***** Materials provided *****
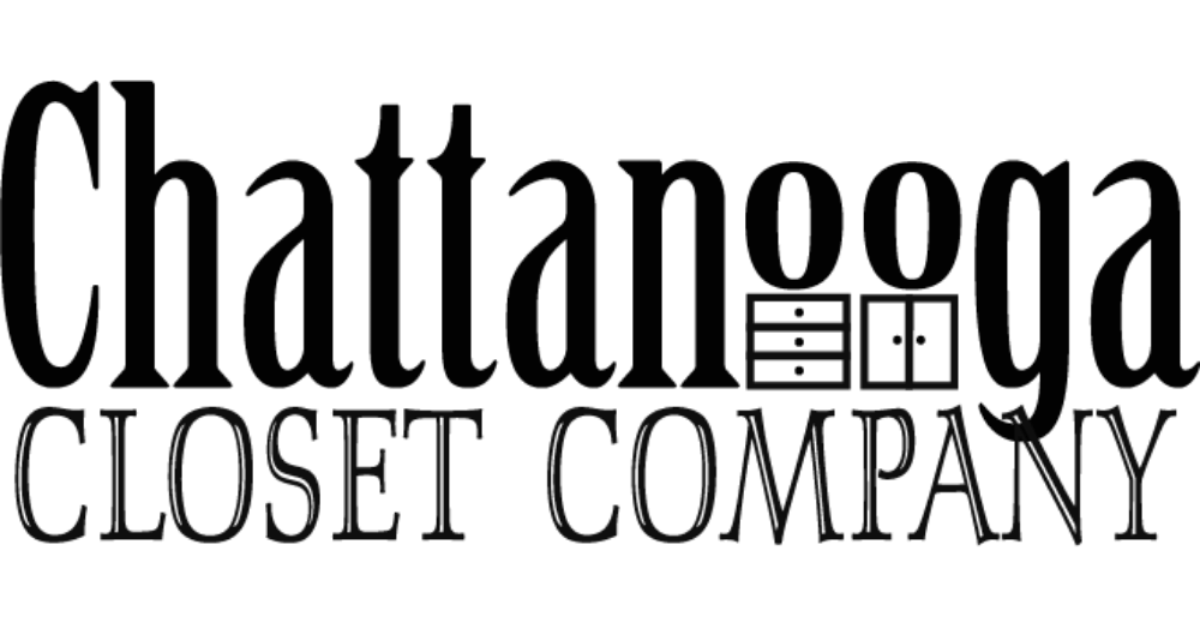 The logo for chattanooga closet company is black and white.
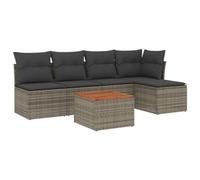 PUGYNBK Ensemble de meubles de jardin 6 pièces rotin synthétique gris | Rangement sous siège, sac impératif inclus, table en bois d'acacia, repose-pieds polyvalent, design modulaire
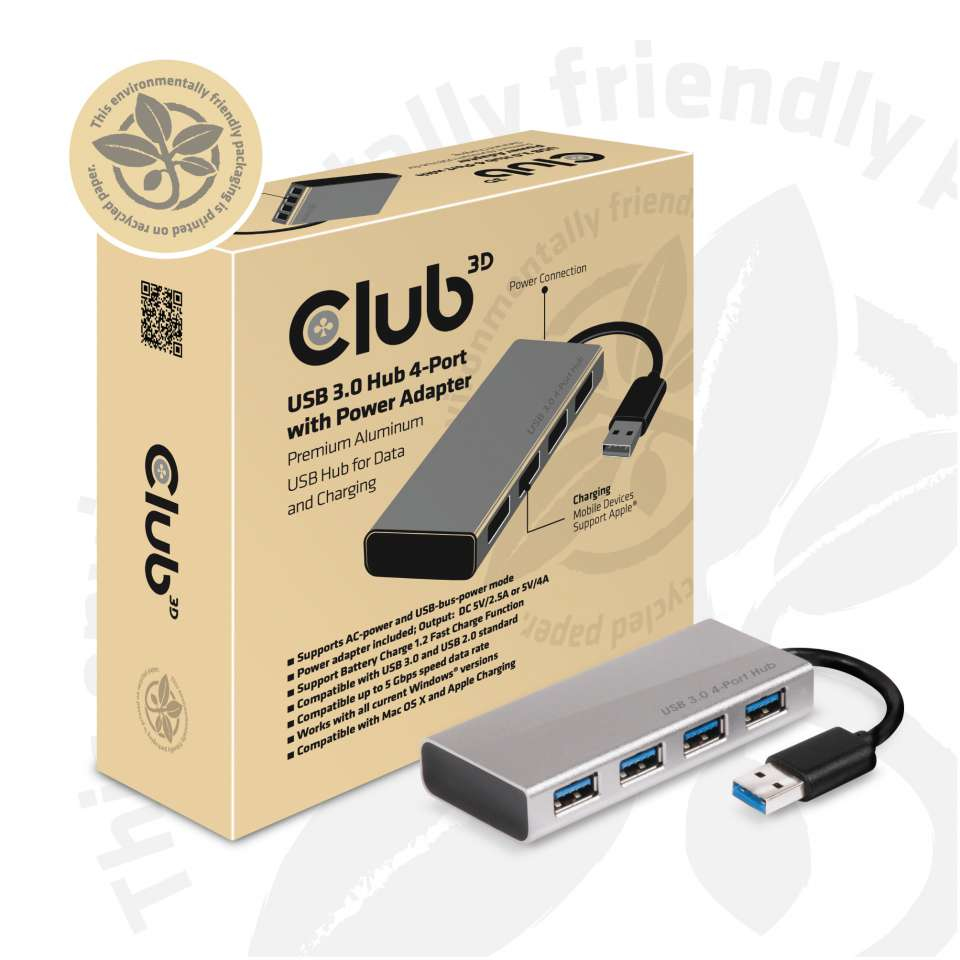 CLUB3D USB 3.0 Hub 4-Port with Power Adapter – image 8
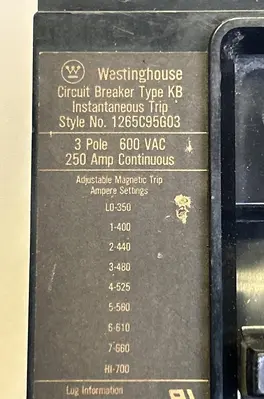 Used WESTINGHOUSE 1265C95G03 Miscellaneous Equipment (Electrical & Power) Ohio US | Surplus Asset Holdings #1237232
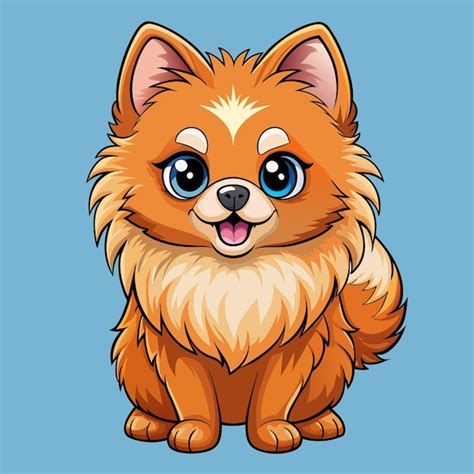 Un dibujo de dibujos animados de un perro pequeño con una cola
*****
• [Required work]
Output each record verbatim, but skip anything that is a picture.

• [Answer box]
 The logo for chattanooga closet company is black and white.
 PUGYNBK Ensemble de meubles de jardin 6 pièces rotin synthétique gris | Rangement sous siège, sac impératif inclus, table en bois d'acacia, repose-pieds polyvalent, design modulaire
 CLUB3D USB 3.0 Hub 4-Port with Power Adapter – image 8
 Used WESTINGHOUSE 1265C95G03 Miscellaneous Equipment (Electrical & Power) Ohio US | Surplus Asset Holdings #1237232
 Un dibujo de dibujos animados de un perro pequeño con una cola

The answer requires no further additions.